The evolution of competitive archery
In order to understand the evolution of competitive archery, we must explore the world of archery in its steeped path in history, from the earliest days as an essential tool of survival as early humans hunted for food, right through to its use as a deadly weapon of war until the introduction of modern firearms made them obsolete. Those historical footsteps will reveal that at some stage throughout history, though, there must have been a time when the humble bow and arrow were put to a more peaceful and enjoyable use; the sport of target archery.
Competitive archery has developed over the years to include many different types and styles of bows, as well as encompassing all techniques of shooting. Competitions allow the use of customized bows as well as ‘off the shelf’ examples. There are specialized bows that can shoot an arrow astonishing distances; at the time this article was written, the world record stands at 1327 yards for a single arrow flight.
Competitive field archery
Distance competitions are generally held in places that lend themselves to the sport; desert plateaus, airfields, or dry lake-beds. It’s a sport that requires a good deal of space!
If you prefer something more exciting and with a spark of adventure, then you might want to consider Field Archery.

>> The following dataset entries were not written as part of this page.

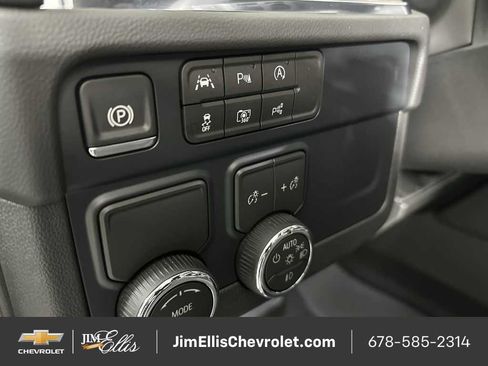 New 2026 Chevrolet Suburban LT w/ Comfort Package image 23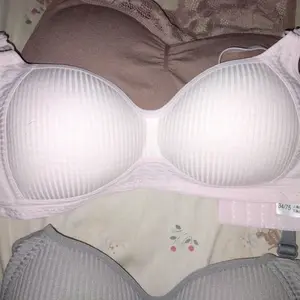 Wonder Girls [Wajib Upsize] BH Push Up Bra Tanpa Kawat Style Pakaian Dalam Wanita High Quality Impor B25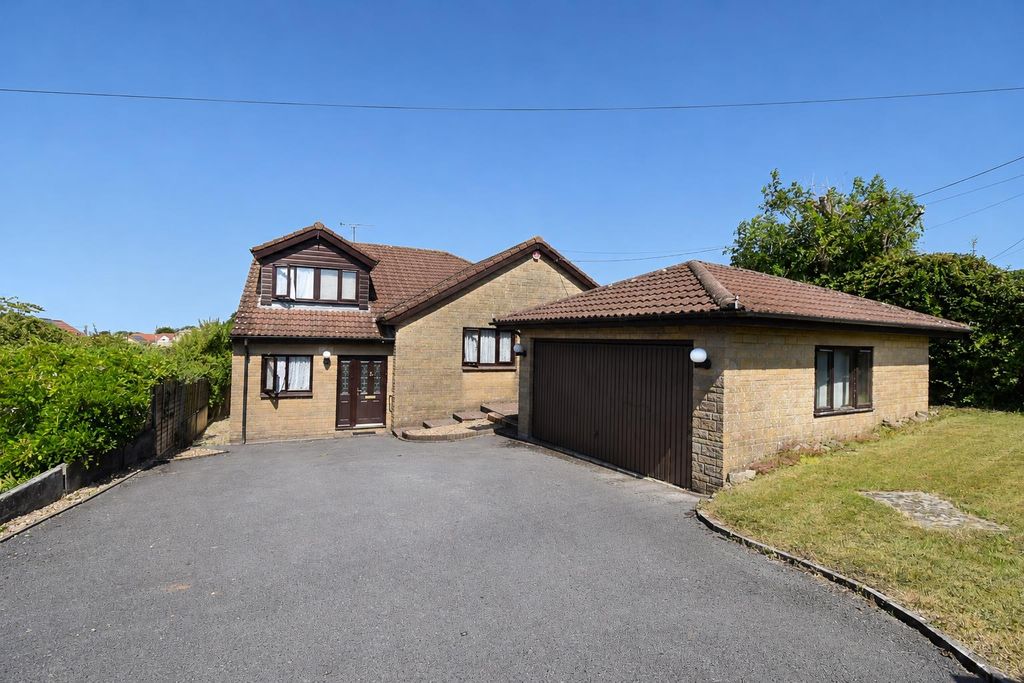 Property photo 1 of 20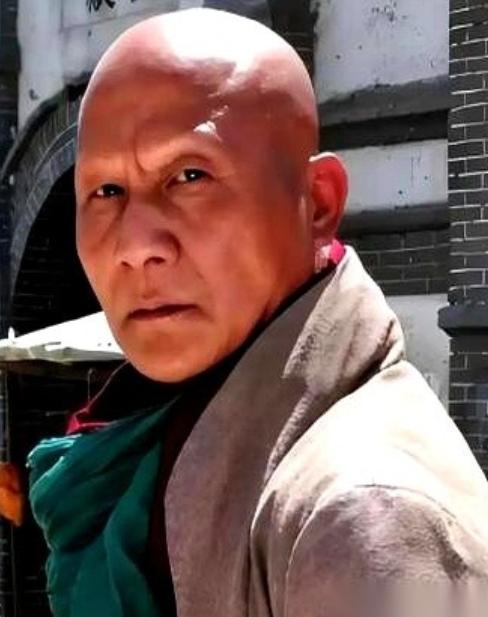 17岁那年，计春华给自己煎了锅中药，锅是铝的。第二天一早，他一照镜子，头发、眉毛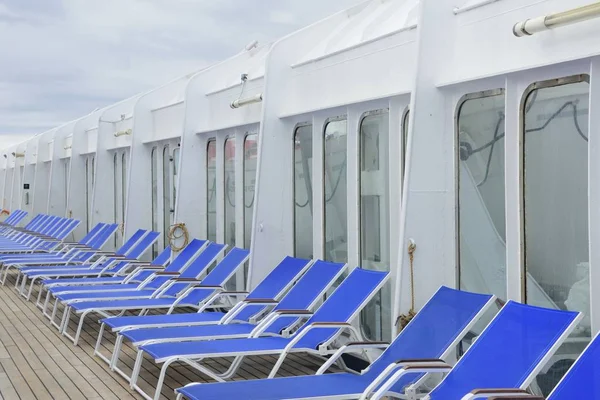 Sun loungers on deck of cruise ship — Stock Photo, Image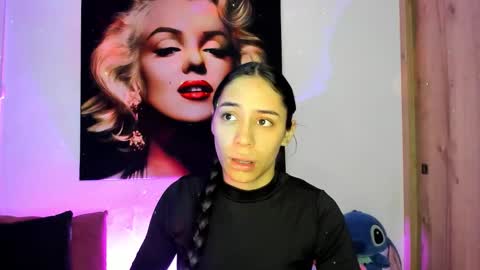 tania06 online show from 11-17-25, 01:17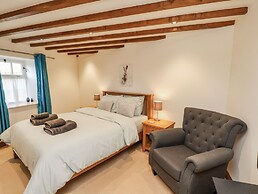 Chestnut Barn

It is a great way of immersing yourself in nature, shooting at targets in the wilds of the forest. In spite of the name, it is rarely set within a field. Targets are set at varying distances, over a range of terrain, mostly being wooded areas or rough slopes. It requires a certain degree of fitness and involves several rounds. One drawback is the number of arrows either lost or damaged, but this never dampens the spirits or spoils the enjoyment of those who are into this sport.
Similar to Field Archery is 3-D Archery, where targets are made from plastic foam in the shape of animals. These targets are placed in strategic spots within a wooded area to present a challenge to the participants as they work their way around the course. From its original home in the USA, this thoroughly enjoyable sport is spreading across the globe and increasing in popularity.

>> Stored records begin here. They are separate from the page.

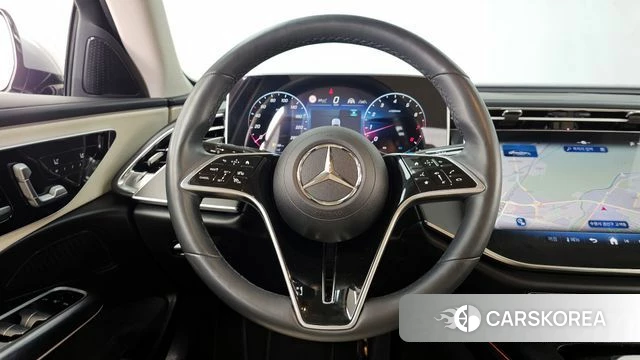 Mercedes-Benz E-Class W214 2024 Серебристо-серый из Кореи, фото 4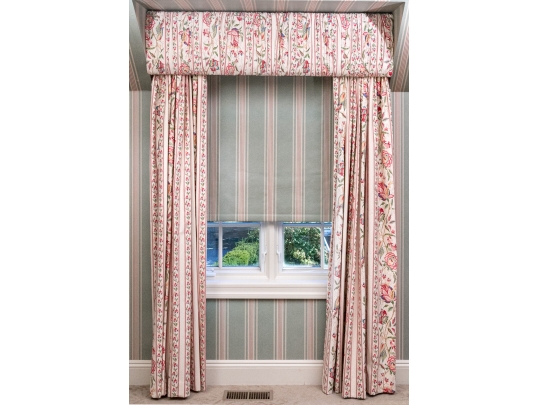Pair Of Curtains With Valances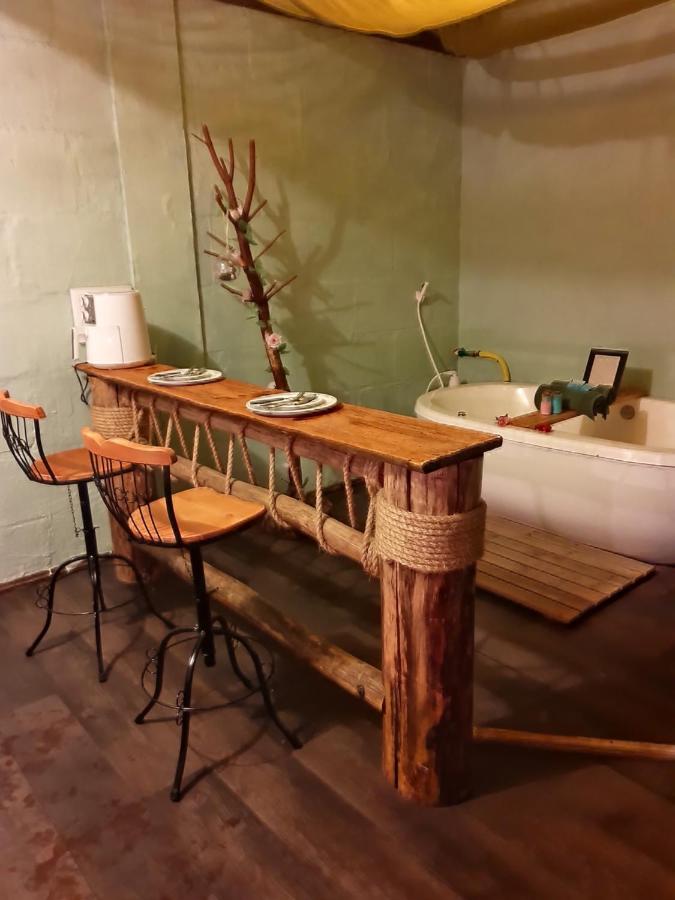 Deluxe Suite with Spa Bath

Target archery competitions
In more recent years, target archery has appealed to a wide range of people. Having dramatically declined in popularity in the UK after the ‘Puritan’ years of the Cromwellian Civil Wars, target archery was revived by George, Prince of Wales (who later became King George IV). He was a keen archer who supported the Royal Toxophilite Society (a toxophilite is someone who loves archery), and the Royal Kentish and Royal British Bowmen. He personally attended and awarded trophies for competitions, which certainly acted as an incentive, encouraging more people to take up the sport. He took an active interest, establishing many of the rules and deciding upon the colors of the targets and the scoring system. These traditions remain relatively unchanged since those times.
Originally, archery competitions involved the use of longbows and target arrows (with simpler heads, rather than the arrows used for hunting). Some of these early competition records have never been beaten, and include remarkable people like Horace A. Ford. Only four years after picking up a bow, Horace went on to win six separate competitions multiple times, including the Grand National Archery Meeting on twelve consecutive occasions. He is considered the greatest longbow archer of his time, and his book, Archery: its theory and practice, is still considered an all-time classic.
It is clear that archery skills have evolved; the 1972 FITA record for most points in competitive target archery was 1204. At the time of writing, this stands at 1361.
At a World level, competitive archery is held indoors and is one of the few sports that is truly inclusive, allowing women and those with disabilities to compete on equal terms with their male, able-bodied counterparts.
Last thoughts about competitive archery
New forms of archery are always being developed, with head-to-head ‘elimination’ competitions proving popular, with their showdown finales. These new ideas are hosted at local clubs right up to the world level and are attracting new enthusiasts to the sport. If you are new to the world of archery then check out the wide variety of archery forms. There’s sure to be something out there that takes your interest and suits your style.